By Rochelle Kopp, Managing Principal, Japan Intercultural Consulting
This article is part of a series on effective meetings between Japanese and non-Japanese, that originally appeared in the Japan Times
In typical Japanese meetings, there is no leader designated, and the group discussion proceeds in an organic fashion. This may work well for general discussion meetings, but for meetings with a specific agenda or that aim to produce a decision, it’s preferable to have someone designated as a leader. Having a leader makes a meeting flow more smoothly and efficiently. A meeting leader’s role is to ensure that the discussion stays on track, that everyone participates, and that the outcome of the meeting is clarified. In other words, a leader makes sure that not only the content of the meeting is addressed adequately, but also that the meeting process itself is a positive one.
In English, the meeting leader might also be referred to as the facilitator, or the chairperson. Probably the best equivalent in Japanese would be shinkoyaku. In western-style meetings, the leader tends to be the most senior person present, the person who is in charge of the topic being discussed, the person who has the most relevant specialized knowledge, or simply the person who called the meeting. However, it’s always made clear who the meeting leader is. For this reason, typical Japanese meetings with no leader identified tend to be confusing for non-Japanese. This is particularly true when the highest-ranking person present, who non-Japanese would expect to take the lead role in the meeting, ends up sitting quietly with their eyes closed – a frequent posture for senior executives in meetings, designed to show that they do not intend to dominate the discussion.
One task of the meeting leader is to make the opening statement, which sets the tone for the meeting. It’s important that this statement be a positive one. For example, starting the meeting with a statement such as “Well, why don’t we get started? Let’s jump into the agenda right away so we don’t waste any time. Stan, let’s hear the report from Purchasing” or “I don’t know where those people from Accounting are, but anyway we need to get going before the whole morning is wasted” does not set the right mood. Something more along the lines of the following is better: “Good morning, thanks everyone for attending. As you know, the purpose of this meeting is to discuss the difficulties we have been experiencing with the quality of product coming in from our suppliers. With so many experienced people here, I’m confident that we can develop some effective countermeasures.” This opening statement confirms the purpose of the meeting and sets the expectation for what will be accomplished. It also has a positive feeling to it.

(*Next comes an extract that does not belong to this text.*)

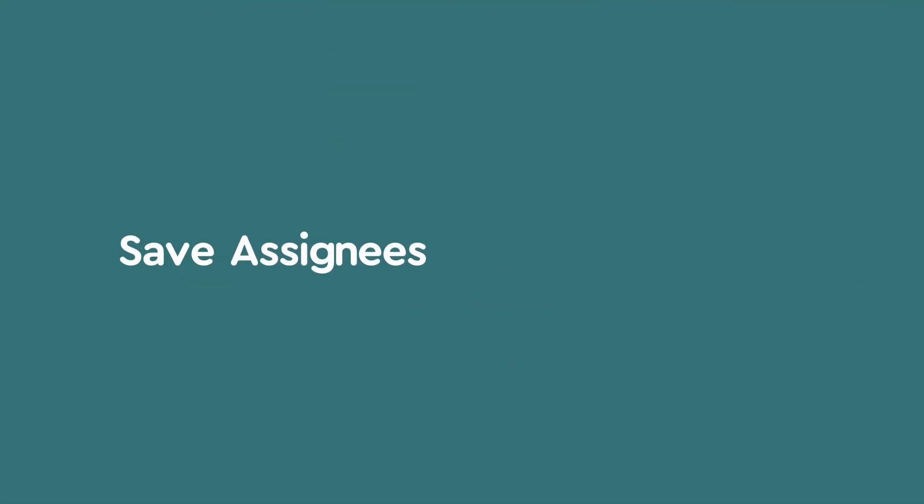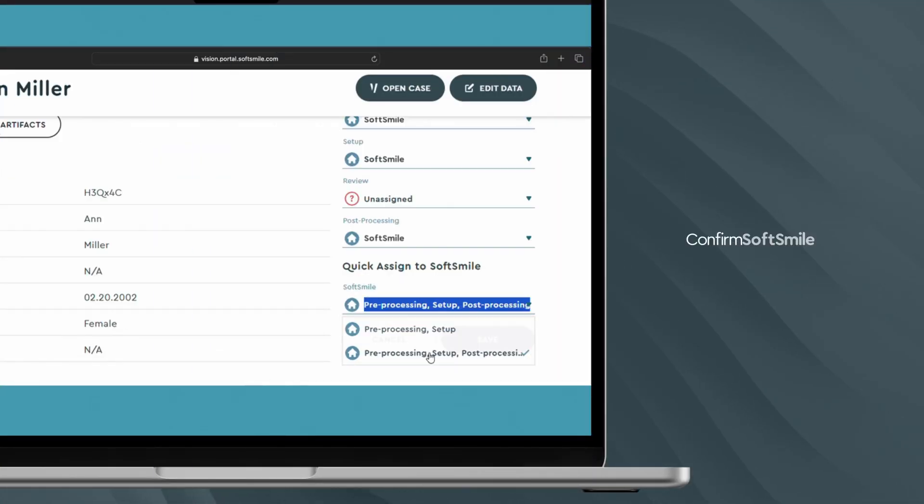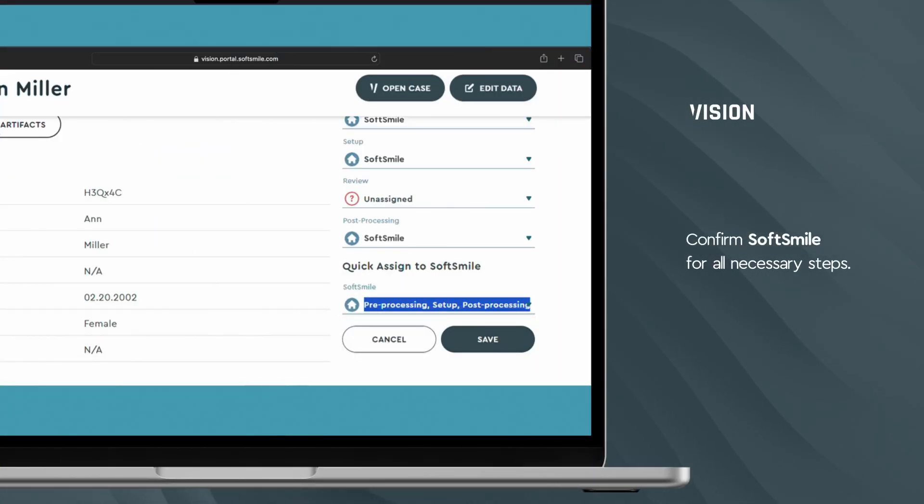After setting SoftSmile as the assignee for the necessary steps, make sure to save your changes. It's that simple.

The meeting leader should not necessarily dominate the discussion, but rather seek to guide it. Thus, when the discussion gets off track, he or she should gently steer it back to the main topic. And rather than telling the group what decisions to make, he or she should focus on helping to clarify what the group has decided. It’s this kind of non-dominating role that makes it possible to have someone other than the highest ranking person be the meeting leader.